It gives the BDE Team great pleasure to announce the second public release of the open source BigDataEurope Integrator Platform (BDI). This platform is developed with the aim to facilitate and simplify the use of big data technologies by providing easy-to-use interfaces and deployment options. In this framework, the BDE Project offers practical solutions for big data related challenges, as identified and elicited in the context of the seven Societal Challenges, which constitute BDE’s Big Data focus areas.
During the last months, the BDE Platform has been significantly improved and further developed. The Platform is upgraded and curently uses Docker 1.12, benefiting thus from the new features added to Docker. For instance, Docker Engine is now offering multi-host and multi-container orchestration which is simple to use and accessible to everyone. Docker 1.12 Networking plays a key role in enabling these orchestration features. In this new release, BDI uses the following:
- Swarm-mode networking
- Routing Mesh
- Ingress and Internal Load-Balancing
- Service Discovery
- Multi-host networking with integrated KV-Store
- Fault tolerance
As a result, we can now create multiple containers on multiple nodes using Docker Compose. Docker Compose V2 and Docker Swarm aim to implement full integration, which means that it is feasible to point a Compose app at a Swarm cluster and make its use possible in the same manner as if a single Docker host was used.
Briefly stated, the new BDI release uses Docker 1.12 and Docker Compose V2, whilst coordinating the volume and variable management so that the containers can be scaled dynamically on the Swarm cluster.
Previous Swarm versions were very simple and worked out-of-the-box with all Docker client commands but lacked features such as service discovery, replication management or load balancing. With the Docker 1.12 release, these gaps are narrowed down and now there is a greater resemblance to Kubernetes in terms of orchestration features. Swarm presents a better choice in terms of shifting from a local/development environment to a cluster.
The resulting BDI remains easy-to-deploy, easy-to-use and adaptable (cluster-based and standalone) for the execution of big data frameworks and tools.
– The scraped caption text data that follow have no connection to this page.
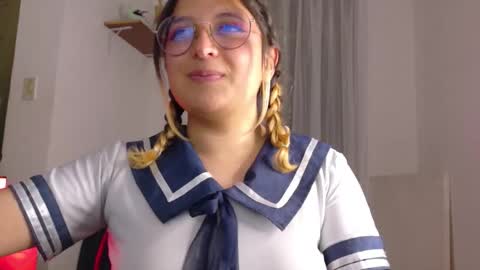 Amalia Im Back See you soon this January 7 at 10 pm Colombia time online show from October 1, 2:10 am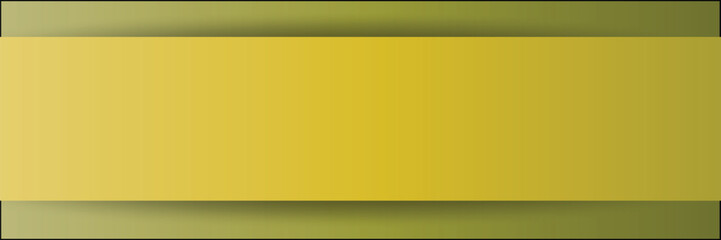 Fototapeta premium green banner, Smooth soft surface texture. Abstract metal background. Copy space for your design. vector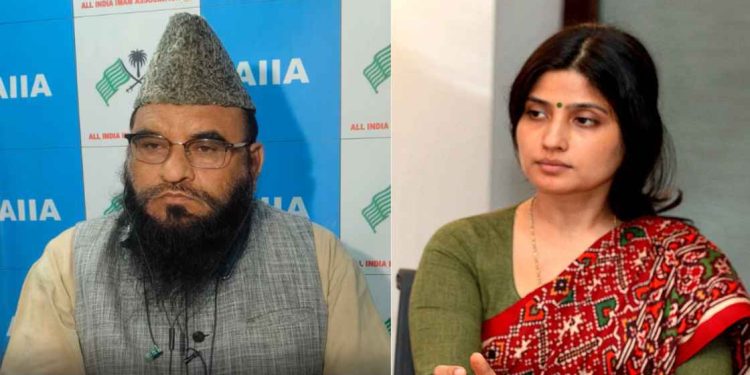 ডিম্পল যাদব সম্পর্কে অশালীন মন্তব্যের জন্য এসপি কর্মীরা যে মৌলানা সাজিদ রশিদীকে চড় মারলেন, তিনি কে?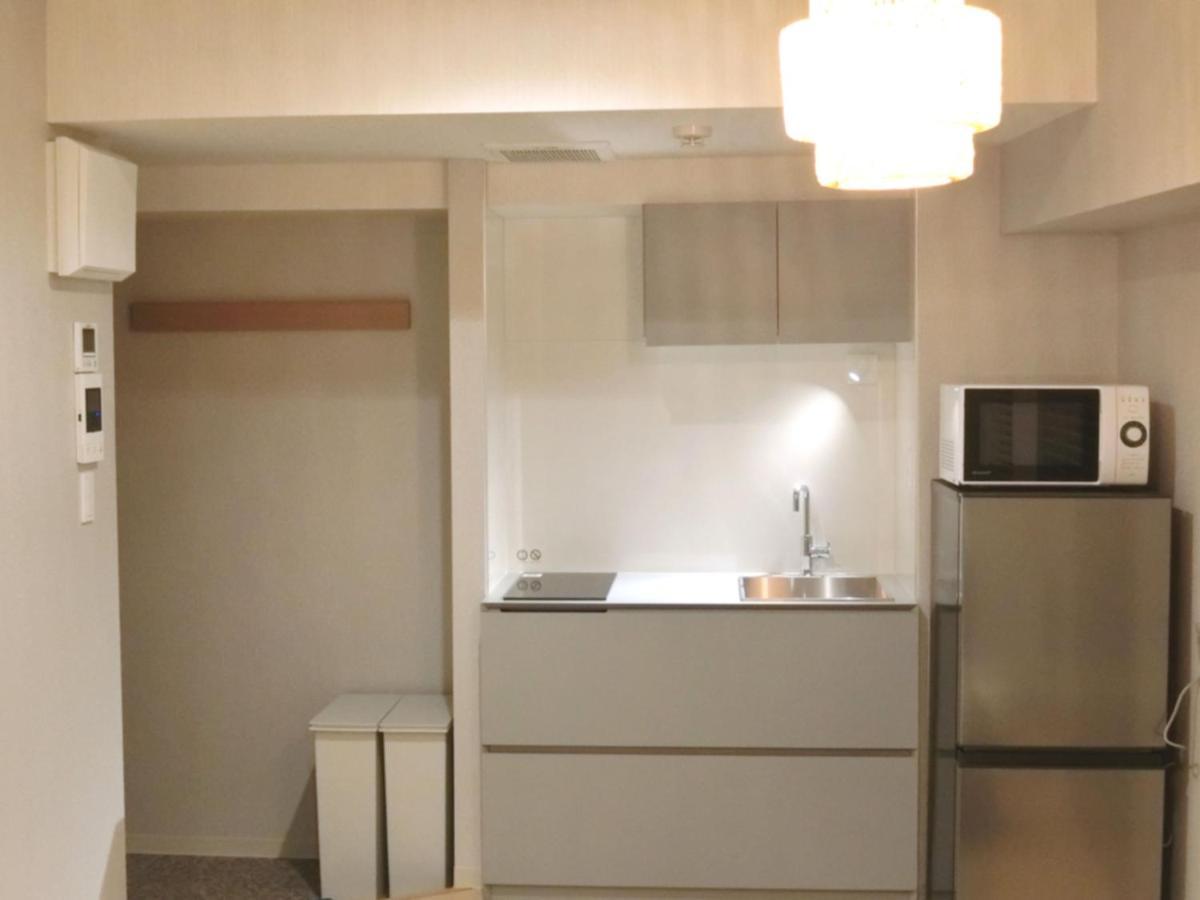 Klasso Tokyo Sumiyoshi Apartments Екстер'єр фото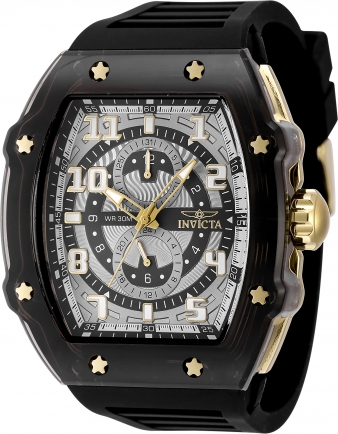 レーシングモデル★ブラック＆ゴールド INVICTA Racing 48715 Invicta Racing model 48715 | InvictaWatch.com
The BDE Team provided baseline docker images for Apache Hadoop, Apache Spark, Apache Flink and many others. We selected these components based on the requirements gathered from the participating Societal Challenges. Thus, the Platform makes it feasible to perform a great variety of big data tasks, including message passing (Kafka, Flume), storage (Hive, Cassandra) or publishing (Geotriples).
The Platform is tested by the uses cases related to each one of the Societal Challenges, where the Docker components provided by BDI are used to implement the desired work flow.
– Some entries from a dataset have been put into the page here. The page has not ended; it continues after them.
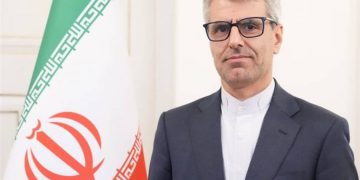 وتەبێژی نوێی وەزارەتی دەرەوەی کۆماری ئیسلامی ئێران دەستنیشان کرا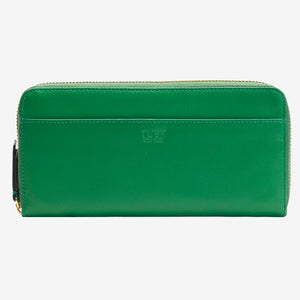 2 of 10: Joy | Single Zip Wallet-Tusk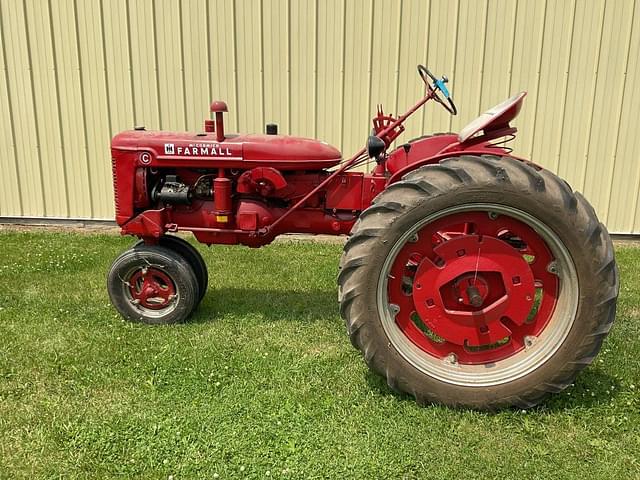 Image of Farmall C equipment image 1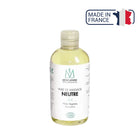 Neutral plant-based massage oil - 250 ml dropper bottle - Medicafarm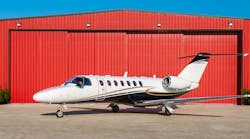 Corrigan Cessna Citation Crop Final Corrigan Cessna Citation Crop Final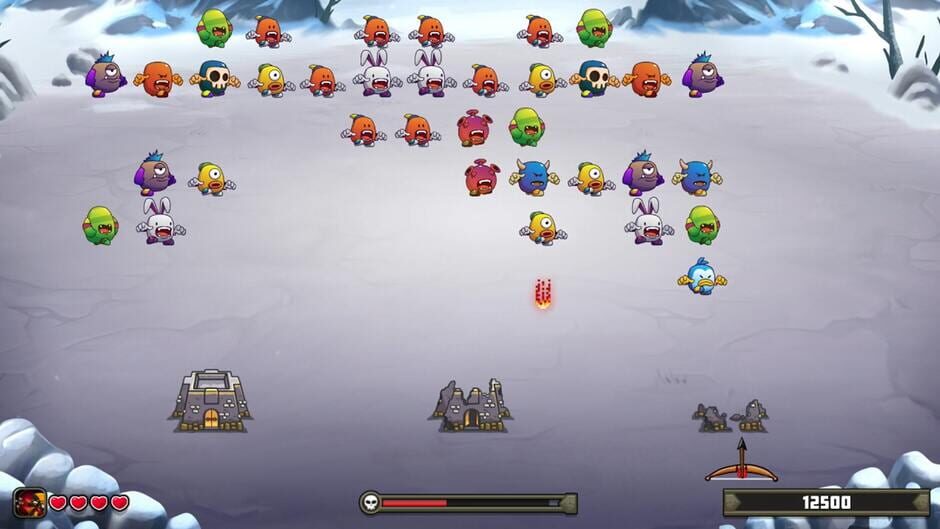 Invasion Screenshot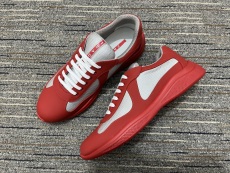 Mens P*rada Top Sneakers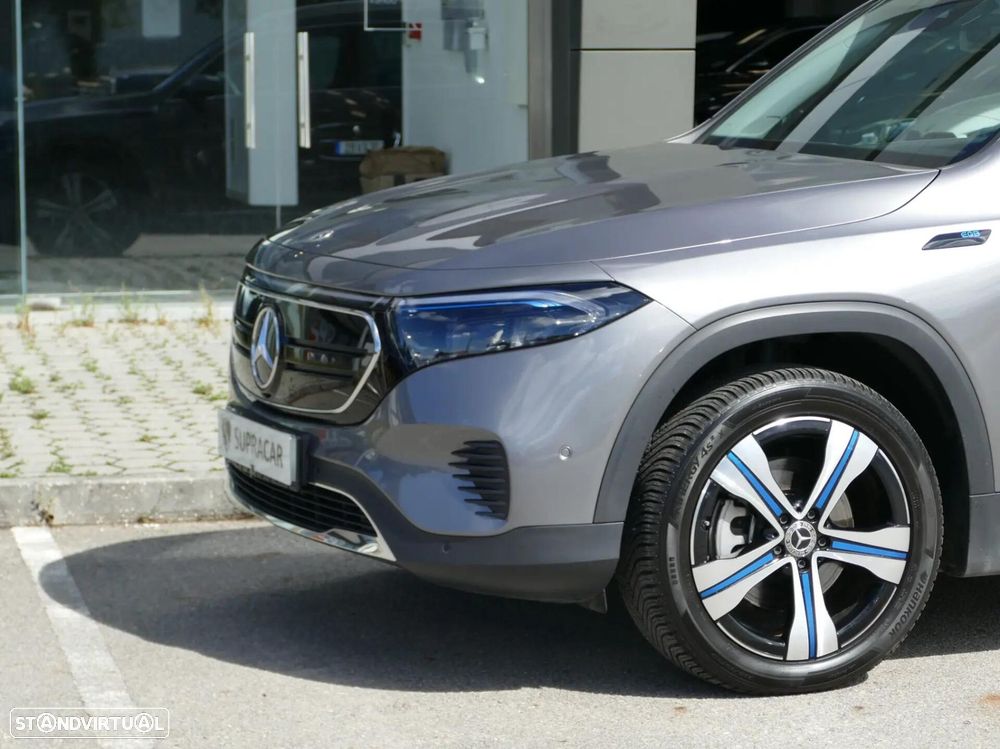 Mercedes-Benz EQB 250 Progressive - 4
The BDE Team has developed components, such as the Integrator UI, an Init daemon which allows the creation of work flows and monitoring of the start-up status of inter-dependent docker components. The Pipeline service and Pipeline Builder are developed with the aim to support the creation of workflows. Furthermore there is a Pipeline Monitor frontend, which demonstrates the current status of docker components. The Swarm UI supports in terms of visualising the status of your swarm cluster.
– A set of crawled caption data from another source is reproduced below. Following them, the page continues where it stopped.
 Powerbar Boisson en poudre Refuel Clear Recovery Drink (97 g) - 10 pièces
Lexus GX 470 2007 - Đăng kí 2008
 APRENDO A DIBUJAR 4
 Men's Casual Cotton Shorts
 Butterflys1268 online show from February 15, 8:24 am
Moreover the BDE Team advances with regard to its research efforts in terms of smart data. The first release of SANSA (Semantics Analytics Stack) was announced on the 9th December. SANSA makes it possible to perform analytics on semantically structured RDF data by providing numerous out-of-the-box scalable algorithms for massive datasets.
The BDI Platform released today constitutes the ongoing effort to exploit the use of Docker, Docker Compose, Swarm and to develop easy to use interfaces for monitoring and deployment. The users can follow a simple set of instructions in order to install the platform and then they can start working with it. In the upcoming release, you can expect to see an integrated interface which will allow the creation and monitoring of a custom workflow by selecting the desired components.